Abbiamo, quindi, il “famoso” contratto di programma “alla tedesca” per il cambiamento. Ci sono, insomma, le basi per far partire il primo governo giallo-verde della nostra storia repubblicana. Tra i vari punti programmatici merita, certamente, un’attenzione particolare il reddito di cittadinanza proposto/promesso dai 5 stelle durante la recente campagna elettorale.



Nella versione condivisa con la Lega (ex Nord) questo strumento viene definito come una misura attiva rivolta ai cittadini italiani al fine di reinserirli, se esclusi dal mercato del lavoro, nella vita sociale e lavorativa del Paese nella prospettiva di garantire la dignità della persona in difficoltà e di rappresentare un volano per esprimere tutte le potenzialità produttive del nostro Paese, favorendone così la crescita sia dal punto di vista occupazionale che economico.



La misura si configura, nello specifico, come uno strumento di sostegno al reddito per i cittadini che versano in condizione di bisogno. L’ammontare, stabilito in base alla soglia di rischio di povertà, sarà fissato in 780 euro mensili per una persona sola e riparametrato per nuclei familiari più numerosi. Si prevede, quindi, uno stanziamento economico di 17 miliardi all’anno. Al fine di consentire il reinserimento del cittadino nel mondo del lavoro, l’erogazione del reddito di cittadinanza presuppone, ovviamente e come già prevede la normativa vigente, un impegno attivo del beneficiario che dovrà aderire alle offerte di lavoro provenienti dai Centri dell’impiego. È da auspicare, in tal senso, un maggiore coinvolgimento dei soggetti accreditati privati come vale, ad esempio, per l’assegno di ricollocazione.



Il lavoratore decadrà dal beneficio in caso di rifiuto di accettazione delle proposte di lavoro avanzate dai servizi per il lavoro (si parla di massimo tre in due anni). Non sembra, tuttavia, che si corra questo rischio visto il numero esiguo di opportunità di lavoro che, ancora oggi, passano da questi servizi. Ciò presuppone, secondo i firmatari del contratto, un investimento di 2 miliardi di euro per la riorganizzazione e il potenziamento dei Centri per l’impiego chiamati a svolgere un nuovo centrale ruolo nelle politiche del lavoro immaginate dal governo (forse) in via di definizione. A tal fine potrebbero svolgere un ruolo importante le risorse del, molto spesso bistrattato, Fondo sociale europeo.

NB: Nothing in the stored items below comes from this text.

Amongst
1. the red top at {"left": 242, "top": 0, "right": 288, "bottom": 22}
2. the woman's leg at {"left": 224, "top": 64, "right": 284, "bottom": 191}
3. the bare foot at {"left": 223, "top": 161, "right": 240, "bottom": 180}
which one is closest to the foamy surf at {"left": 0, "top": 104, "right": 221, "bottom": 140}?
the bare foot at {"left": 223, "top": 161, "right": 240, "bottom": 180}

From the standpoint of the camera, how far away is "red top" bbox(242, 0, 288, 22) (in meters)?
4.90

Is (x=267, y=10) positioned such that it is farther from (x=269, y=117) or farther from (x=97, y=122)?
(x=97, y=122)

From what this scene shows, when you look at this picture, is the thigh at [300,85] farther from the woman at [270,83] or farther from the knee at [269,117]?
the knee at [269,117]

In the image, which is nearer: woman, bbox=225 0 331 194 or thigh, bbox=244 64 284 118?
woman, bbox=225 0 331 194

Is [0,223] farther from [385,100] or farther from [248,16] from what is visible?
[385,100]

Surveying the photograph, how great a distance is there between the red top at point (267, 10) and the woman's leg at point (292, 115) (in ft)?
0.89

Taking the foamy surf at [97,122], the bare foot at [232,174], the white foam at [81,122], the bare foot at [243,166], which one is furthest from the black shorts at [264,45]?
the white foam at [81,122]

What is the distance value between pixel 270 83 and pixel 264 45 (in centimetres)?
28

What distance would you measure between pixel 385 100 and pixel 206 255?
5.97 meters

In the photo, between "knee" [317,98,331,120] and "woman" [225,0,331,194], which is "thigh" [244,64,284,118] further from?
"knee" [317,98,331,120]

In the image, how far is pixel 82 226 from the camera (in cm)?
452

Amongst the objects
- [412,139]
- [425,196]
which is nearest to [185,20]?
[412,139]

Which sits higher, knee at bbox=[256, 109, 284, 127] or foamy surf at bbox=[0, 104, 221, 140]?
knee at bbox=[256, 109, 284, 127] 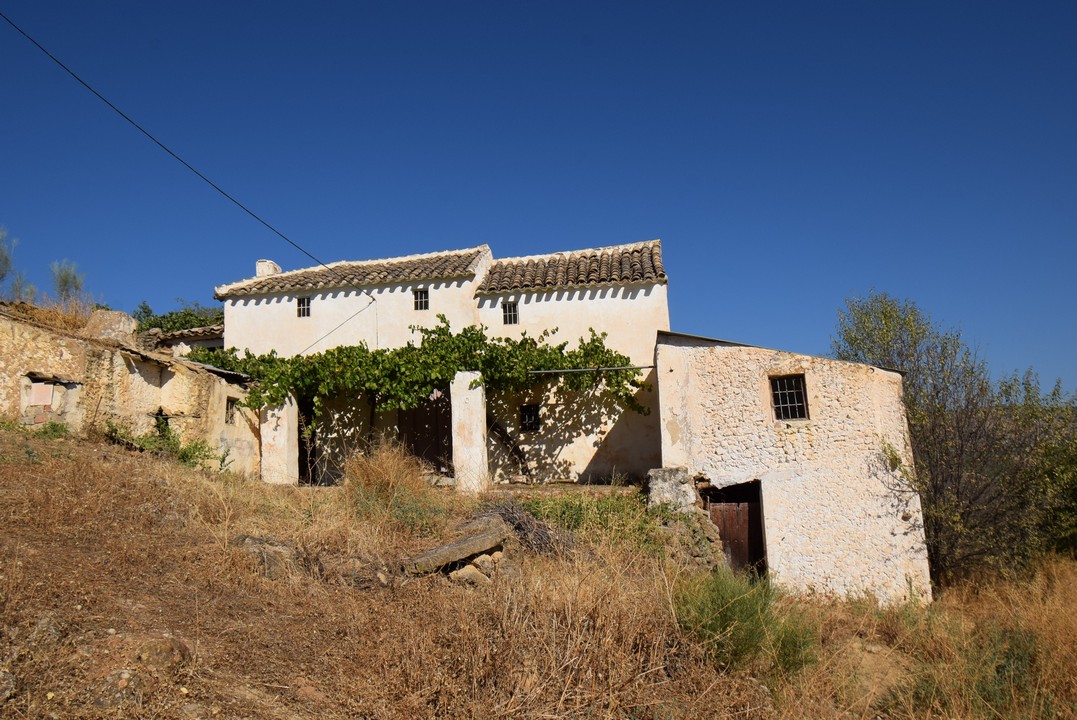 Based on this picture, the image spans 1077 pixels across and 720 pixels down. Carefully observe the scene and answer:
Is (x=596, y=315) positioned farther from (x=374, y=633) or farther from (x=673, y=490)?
(x=374, y=633)

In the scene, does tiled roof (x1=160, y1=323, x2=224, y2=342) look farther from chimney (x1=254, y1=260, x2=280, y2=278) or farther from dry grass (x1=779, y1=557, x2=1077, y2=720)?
dry grass (x1=779, y1=557, x2=1077, y2=720)

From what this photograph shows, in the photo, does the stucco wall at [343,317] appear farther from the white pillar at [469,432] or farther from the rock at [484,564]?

La sfida è, certamente, ambiziosa. Tutto questo non sarà però possibile, e sostenibile, se accanto alle misure di sostegno non si affiancheranno, come lo stesso documento sottolinea, serie, e credibili, politiche di sviluppo industriale per il nostro Paese a partire da strategie chiare per la gestione di, in molti casi, complessi processi di riconversione puntando con coraggio su innovazione e qualità del lavoro. L’idea di creare, in questo quadro, un mega dicastero per lo sviluppo economico e il lavoro potrebbe, quindi, andare nella giusta direzione. La scelta, tuttavia, così come le politiche messe in campo, non dovrà essere giudicata “a prescindere”, ma dalla reale capacità della nuova classe dirigente di rispondere con efficacia alle richieste dei cittadini.